Predict the number of accidents

1. Project introduction

This project focuses on predict the number of accidents in the factory by regression models, from the labor union’s point of view.

Since it is important for the labor union to give the standards about choosing safe workplace for their employees, the goal of this project is figure out which factor plays an important role for the accidents occurred and suggest the best prediction models by several analysis. Thus, the number of accidents will be a response variable in the prediction model.

Tools: R
Data: The information about accidents in factories in the country
Analyses performed: Generalized Linear Regression (Elastic-net), Discriminant analysis (LDA), Random Forest Regression

2. Data description & exploration

Data description

In this dataset, there are 10,000 observations with 13 variables related to the number of accidents occurred.

Dataset columns are below:

Year: calender year of experience
Region: US region code for the factory location
Commodity: type of food being processed in the factory
- (Dairy / Fruit & vegetables / Meat / Seafood / Starchy food)
Distance: average distance on the sea the workers need to go for fishing
- (only for seafood factory)
Function: Type of main functionality of the factory
- (Cooking / Cutting / Delivering / Packing)
Status: current operation status of the factory
- (Active / Closed by FDA/ Full-time operating / Occasionally producing / Under investigation / Shutdown / Temporarily closed)
Num_employee: number of employees
Employee_hour: total number of employee hours
Hours_office: employee hours spent in the office
Hours_operation: Employee hours spent in operation
Hours_other: employee hours spent in other activities
Safety_cost: money spent on safety equipment and education (in 10K)
Num_accidents: total number of accidents reported

Data exploration

First, I’d like to take a brief look at the relationship between accidents and some variables which possibly affect the occurrence of accidents.

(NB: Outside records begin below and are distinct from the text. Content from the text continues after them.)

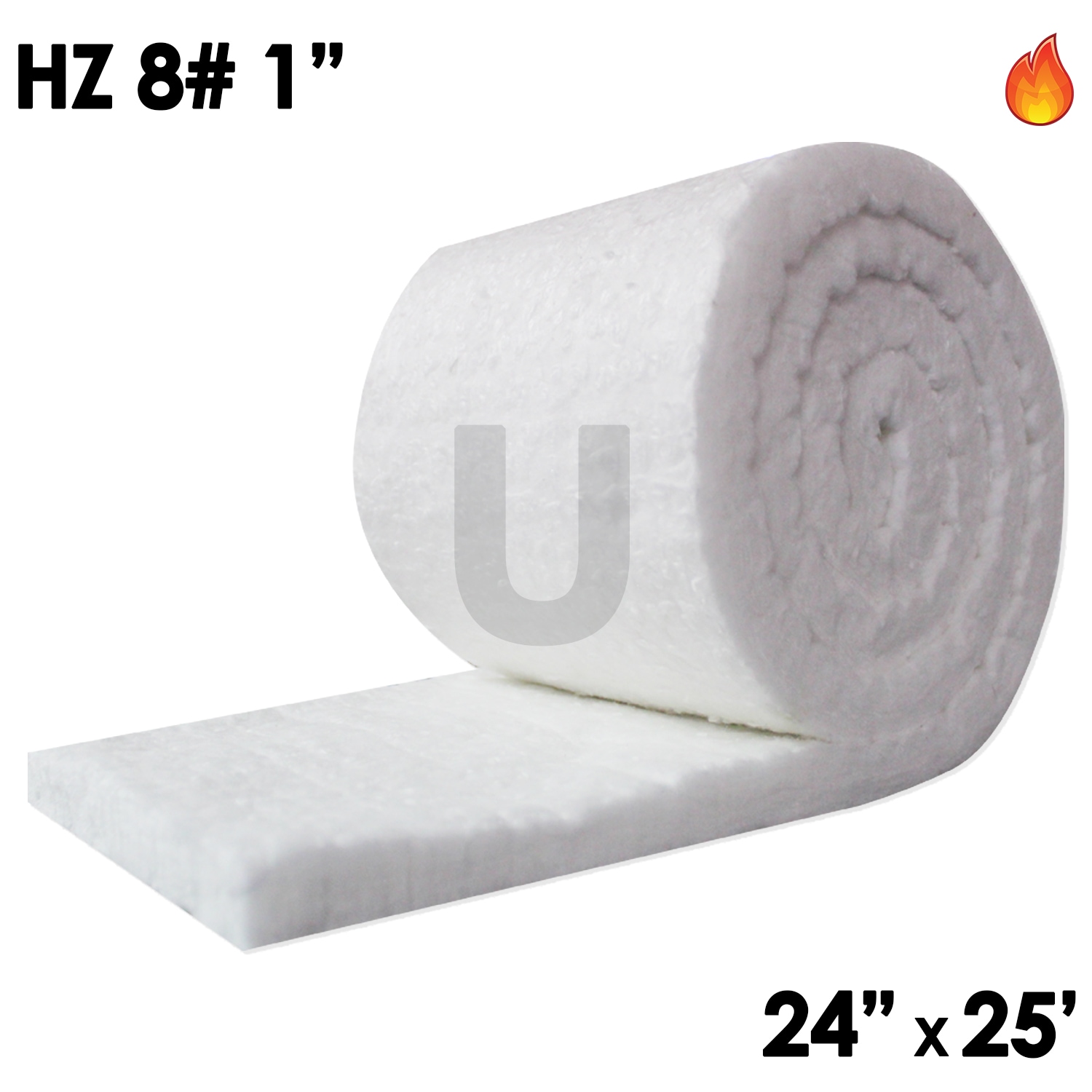 UniTherm CF8HZ-1-24X25 300-Inches Insulation supports
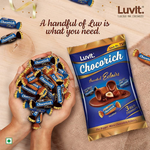 Thumbnail for LuvIt. Chocorich Assorted Eclairs Chocolate Birthday Pack - Hazelnut, Dark Choco & Classic - Distacart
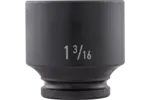 1 in. Drive Standard Depth Impact Sockets - SAE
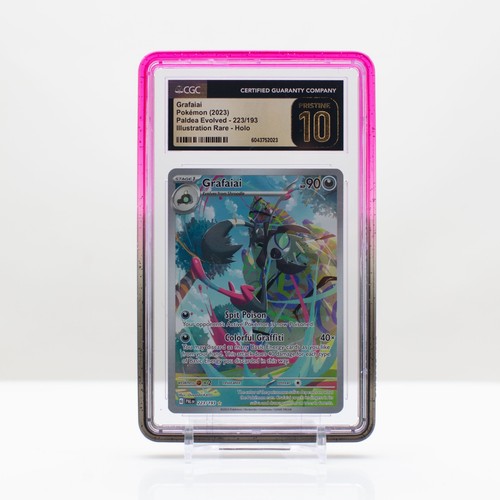 Grafaiai graded CGC 10 for sale on eBay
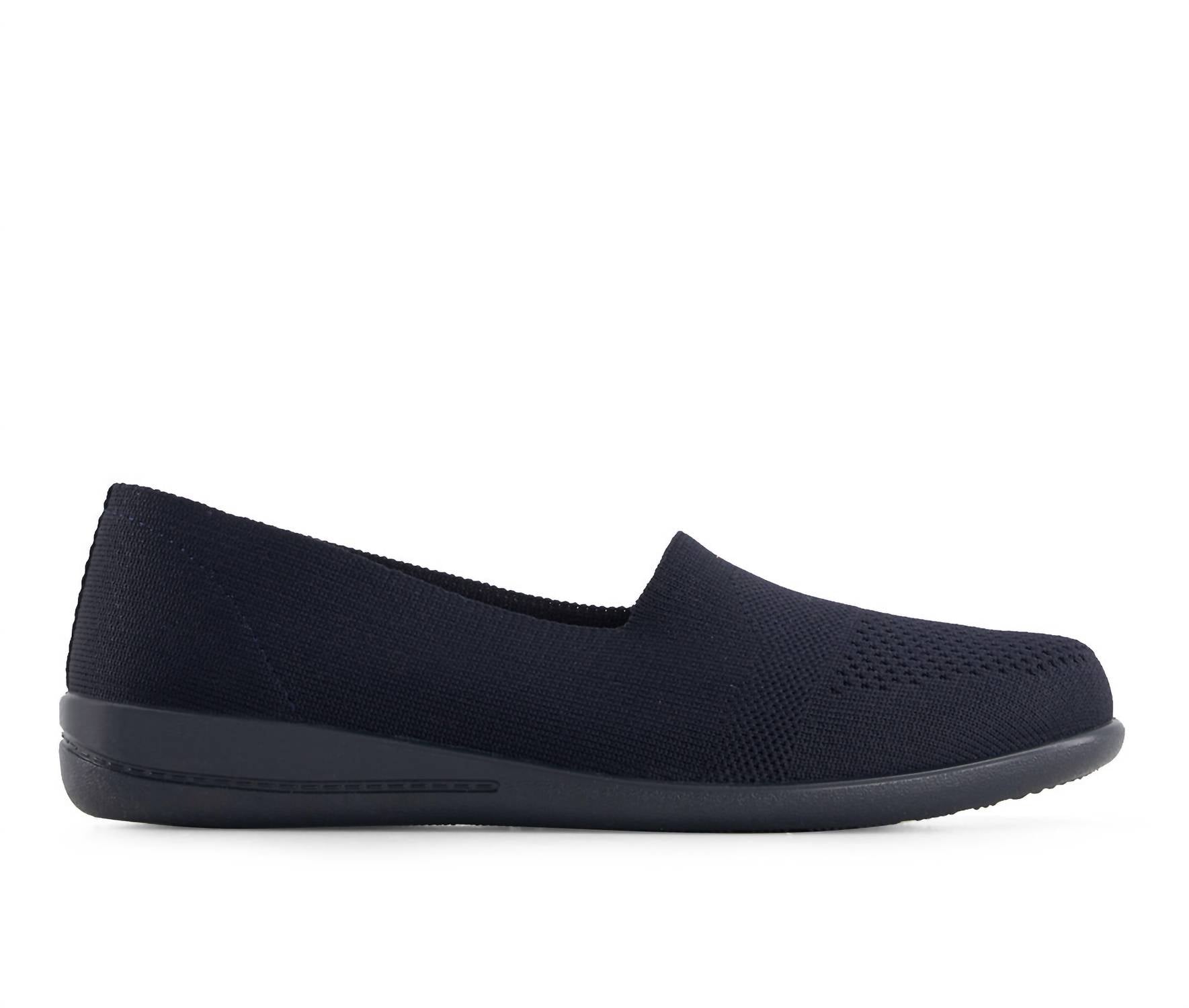 Andrea - Women's Top Comfort Textile Moccasins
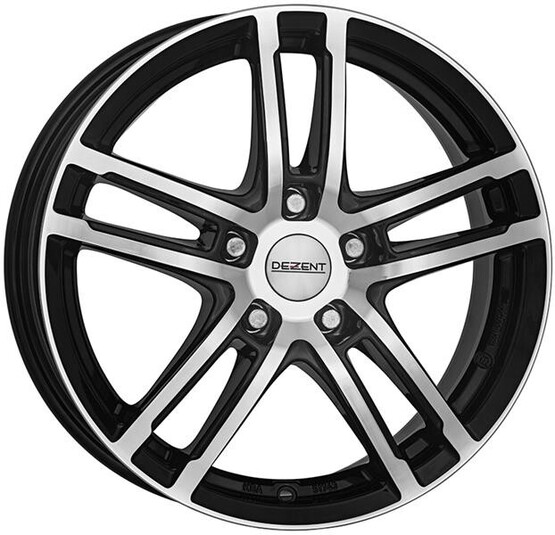 Диск Dezent Tz 17x7 5x112 ET38 DIA70.10 BFP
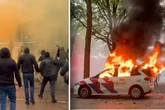 Anti-Asyl-Demo in Den Haag eskaliert: Randalierer greifen Polizei an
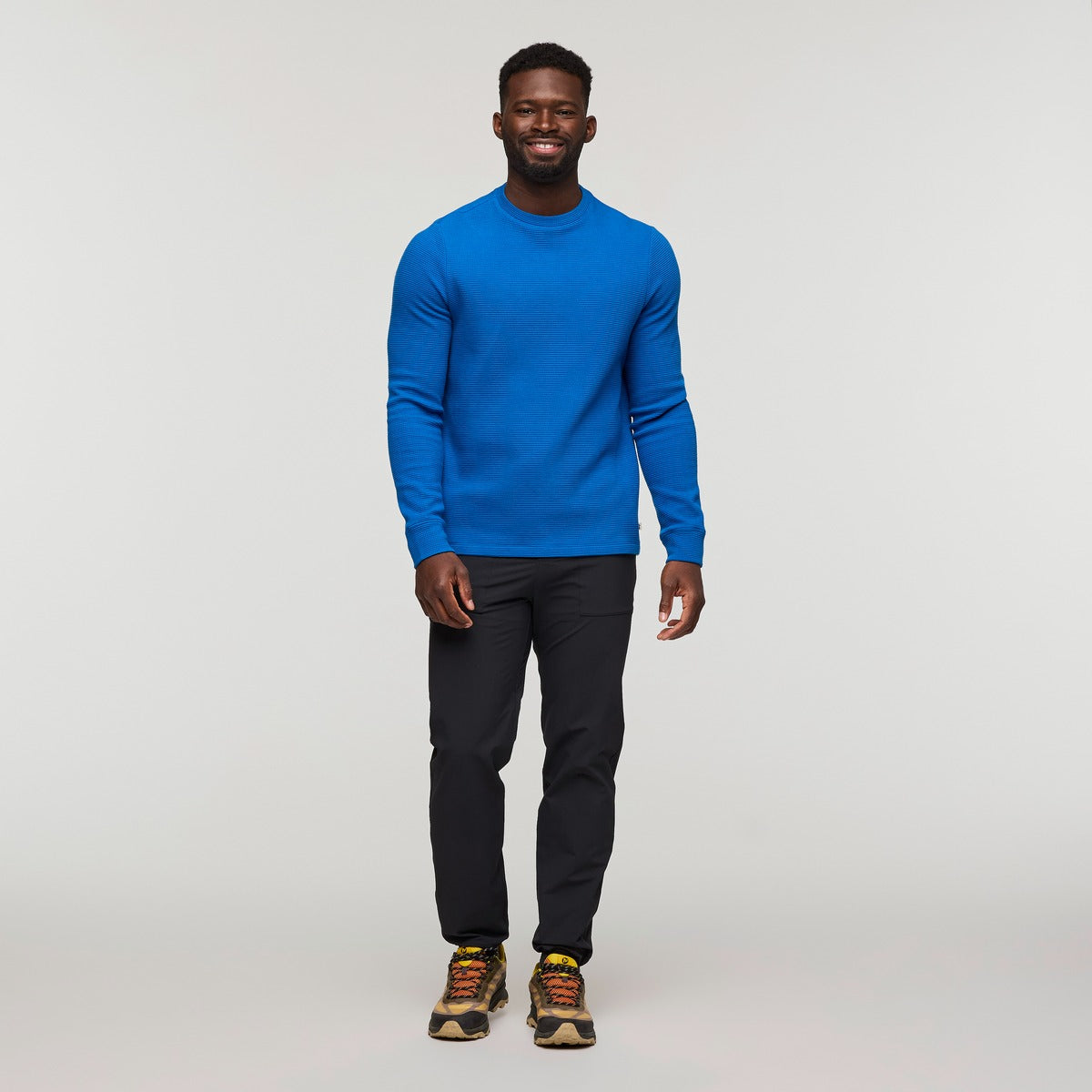 Atajo Long-Sleeve Waffle Shirt - Men's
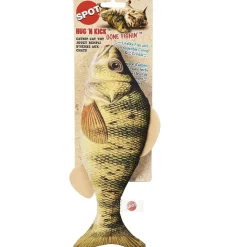 Ethical Pet Spot Gone Fishin' & Nip Cat Toy, Color Varies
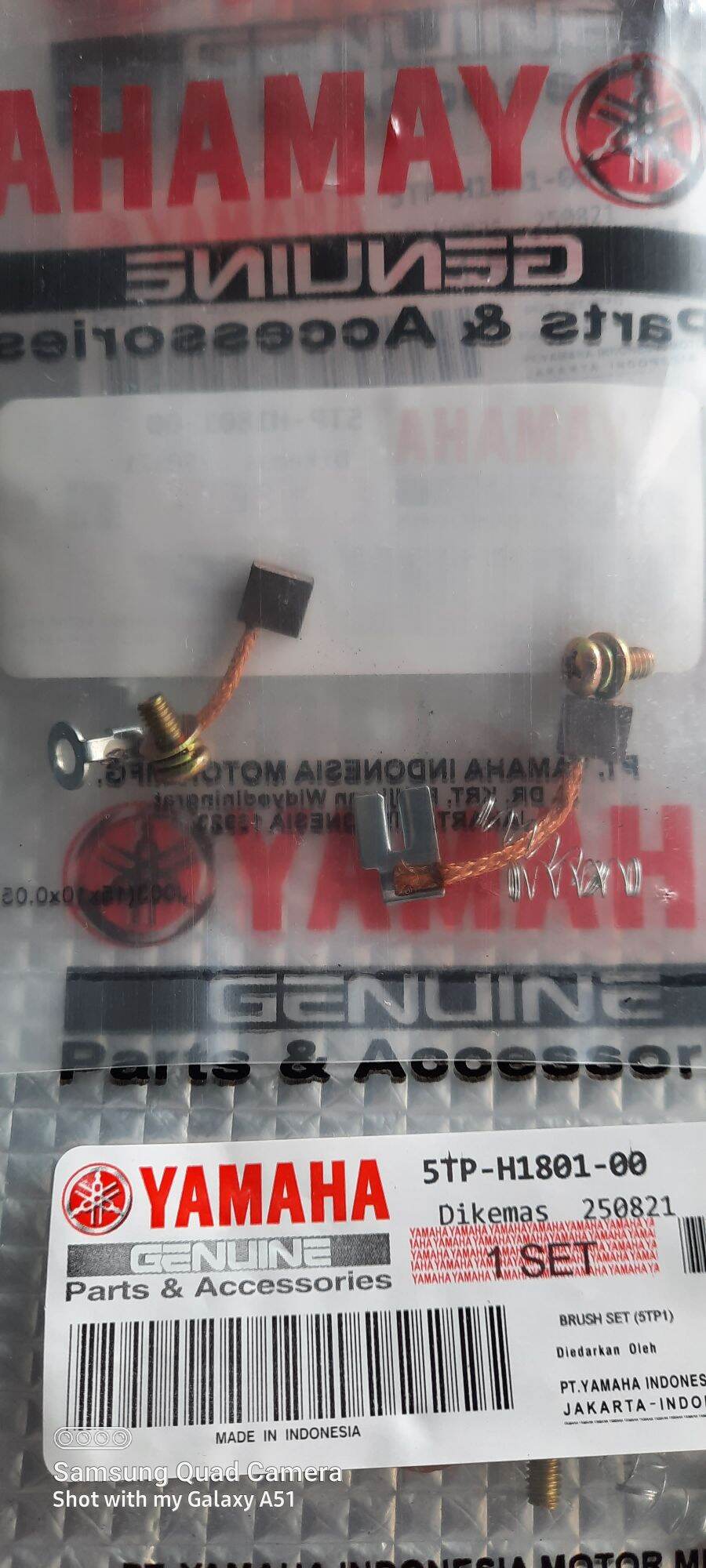 carbon brush set yamaha vega,vegaforce,crypton,fz,sz,mio i125,m3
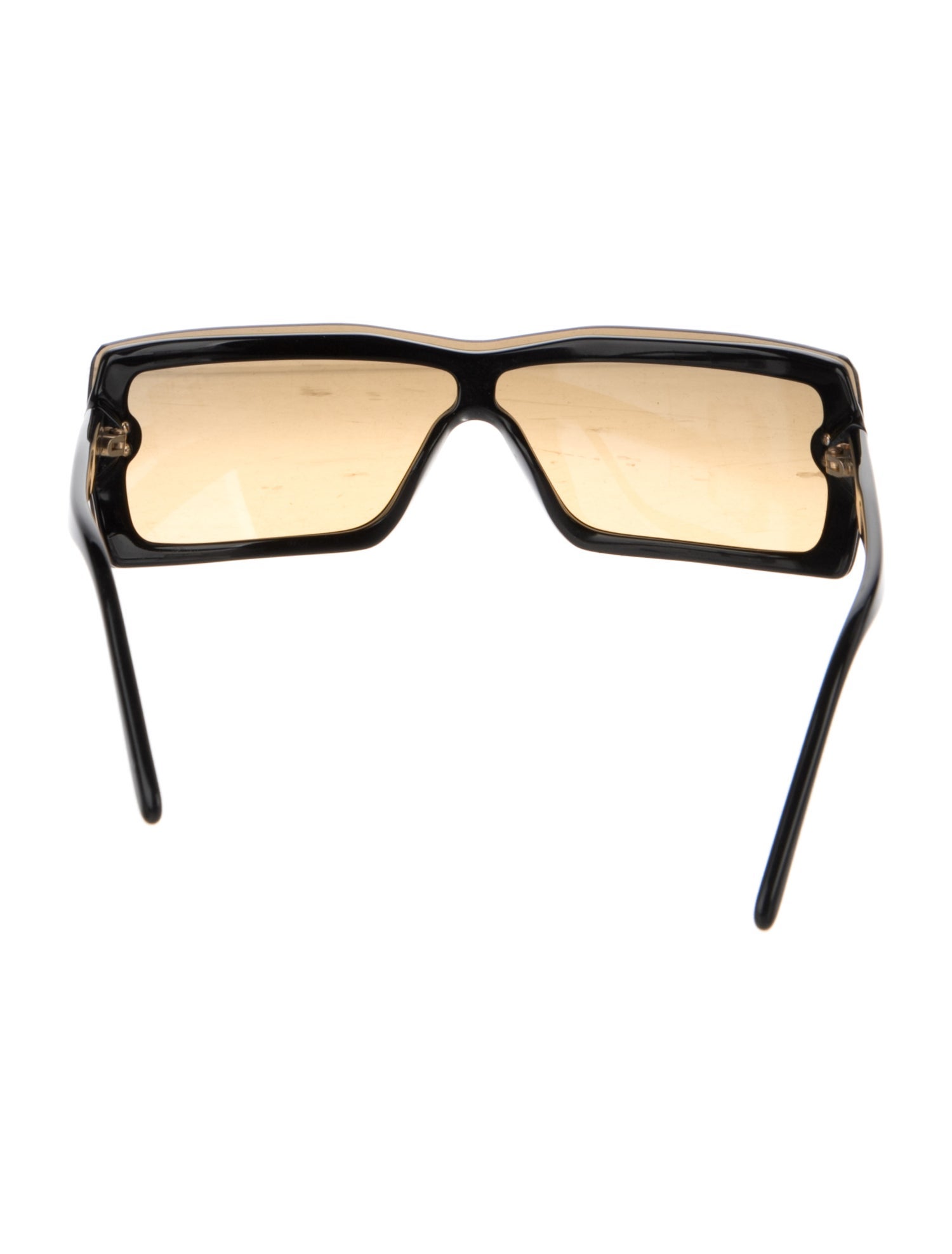 Chanel Vintage Interlocking CC Logo Sunglasses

From the graph above, the employee’s working hours and the number of employees have a positive relationship with the number of accidents.
However, we can see there are Year presents meaningless relationship with the accidents, It indicates that experienced years may not impact the number of accidents much.
I think the labor union might be interested in whether the cost invested in safety equipment and education affect the number of accidents in their workplace. Thus, I figured out there is a meaningful relationship between the cost and the number of accidents.

From the first graph, it is hard to realize there is a meaningful relationship between two variables the number of accidents and Safety cost (the cost in safety equipment and education). Most of the observation are located in the range where the number of accidents are less than 20, so I narrowed it down to that range and checked the graph again. However, it still seems the accidents not much be affected by the safety cost.

3. Pre-processing

- Data cleaning process

* Year

The Experienced years will not give any meaningful information for the prediction of “the number of accident in the future”, so this variable is removed.

* Hours_other

Some variables could expose the labor union to the appearance of invasion of privacy, if requested. Thus, I removed “Hours_other (employee hours spent in other activities)” for this reason.

* Distance

## [1] 942

Additionally, I have checked the number of seafood factories. Since we have those observations, we need to consider Distance variable and it could make the prediction model complex. However, those are about 10% of the whole datase \((942 / 10,000)\), which is not small, so I’ve decided to leave this variable.

* Status

## 
##    1    2    3    4    5    6    7 
##  599  174 4214 4197   20  691  101

I also observed the data related to Status. It seems there were many factories not operated, closed by FDA (2), under investigation (5), shutdown (6), Temporarily closed (7), which might be useless for current data analytics. However, this status may be changed after collecting the data, so I’ve also decided to leave them.

* Correlation

I’ve also checked correlation within all variables.

From this plot, we can expect that 4 variables have a significant relationship with the number of accidents, as below:
- Num_employee (the number of employees)
- Employee_hour (working hours of employees)
- Hours_office (employee hours spent in the office)
- Hours_operation (Employee hours spent in operation)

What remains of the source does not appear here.